Provide an exact copy of the data, excluding the images.

"""

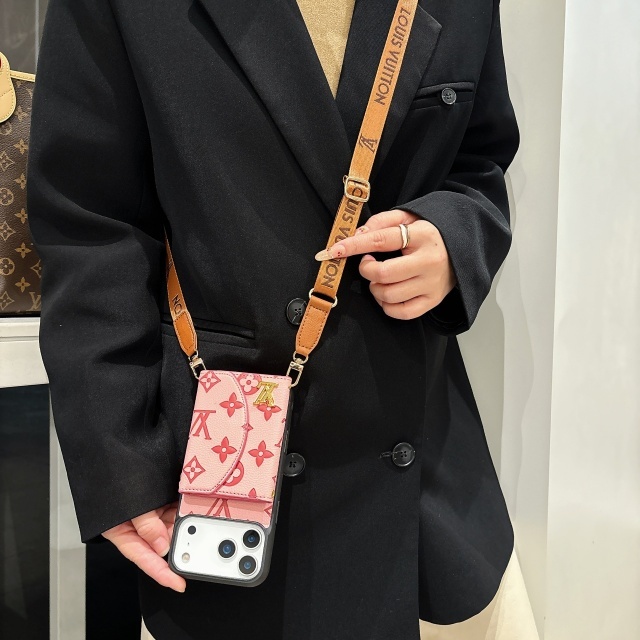 Printed Fashion Pu Leather Iphone Case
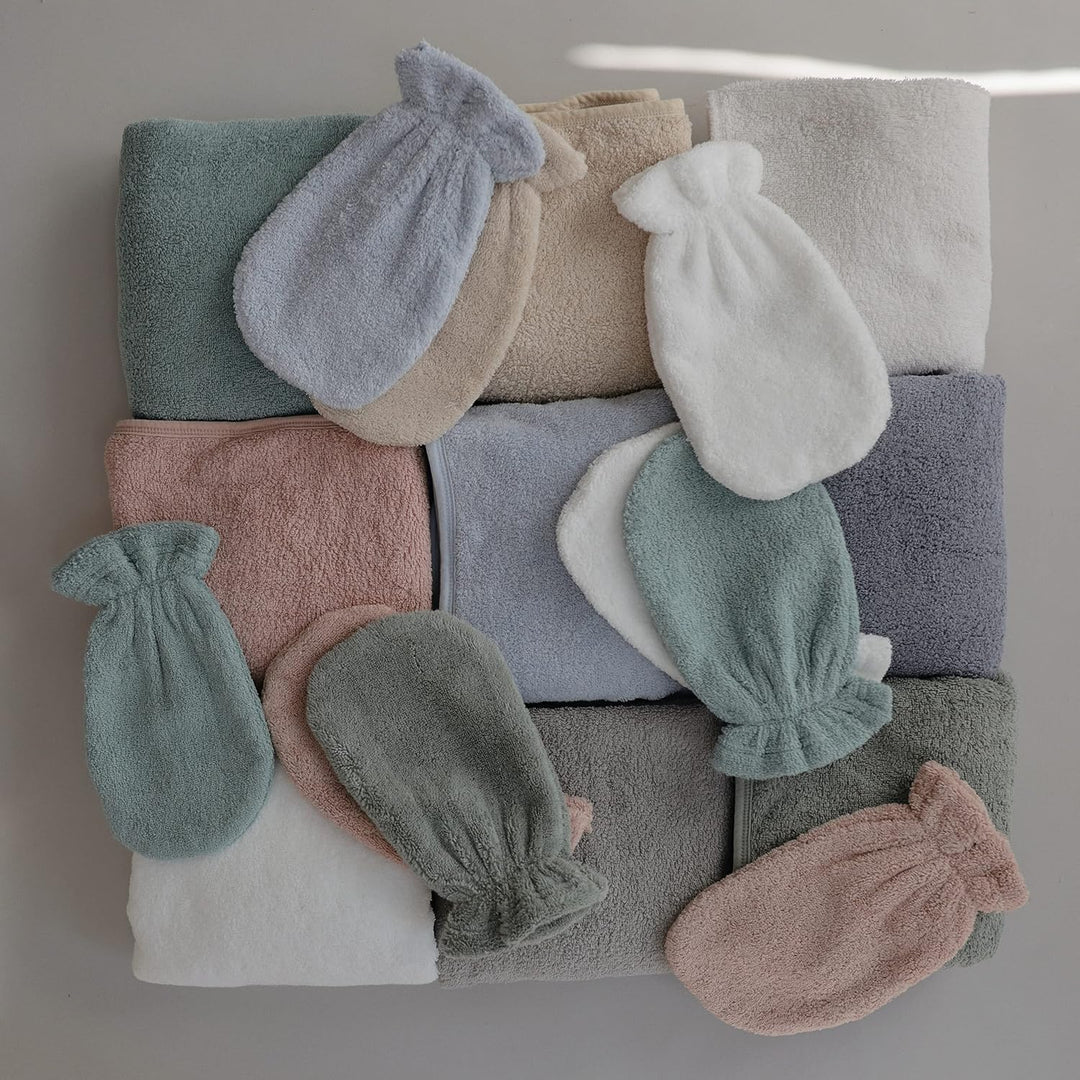 mushie Baby Handtuch mit Kapuze | Kapuzenhandtuch Für Mädchen und Jungen | 100% Baumwolle | 77,5x77,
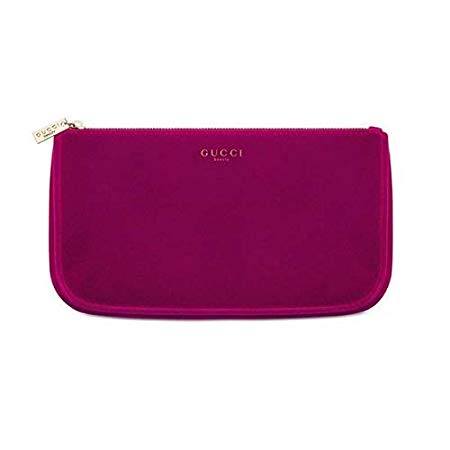 Gucci Burgundy Velvet Makeup Cosmetic Bag Travel Pouch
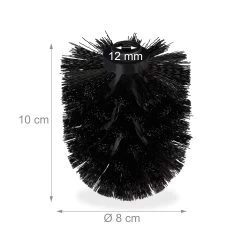 9er-Set: Ersatzbürstenkopf In Schwarz - 12 Mm Gewinde -Relaxdays relaxdays 9er set ersatzburstenkopf in schwarz 12 mm gewinde 3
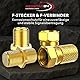 F-Stecker 7mm 10x + F-Verbinder 5X vergoldet | Gummidichtung | breite Mutter schraubbar | Verlängerung für Koaxial Antennenkabel Koax SAT Kabel | BK Anlagen | Satelliten LNB F Stecker + Verbinder Set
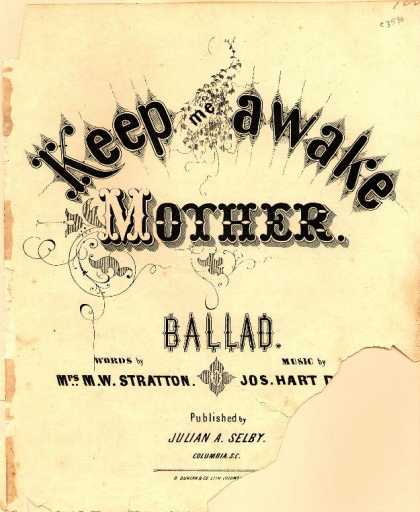 Sheet Music - Keep me awake, Mother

"""

--- Solution for this task ---
 Printed Fashion Pu Leather Iphone Case
 mushie Baby Handtuch mit Kapuze | Kapuzenhandtuch Für Mädchen und Jungen | 100% Baumwolle | 77,5x77,
 Gucci Burgundy Velvet Makeup Cosmetic Bag Travel Pouch
 9er-Set: Ersatzbürstenkopf In Schwarz - 12 Mm Gewinde -Relaxdays relaxdays 9er set ersatzburstenkopf in schwarz 12 mm gewinde 3
 F-Stecker 7mm 10x + F-Verbinder 5X vergoldet | Gummidichtung | breite Mutter schraubbar | Verlängerung für Koaxial Antennenkabel Koax SAT Kabel | BK Anlagen | Satelliten LNB F Stecker + Verbinder Set
 Sheet Music - Keep me awake, Mother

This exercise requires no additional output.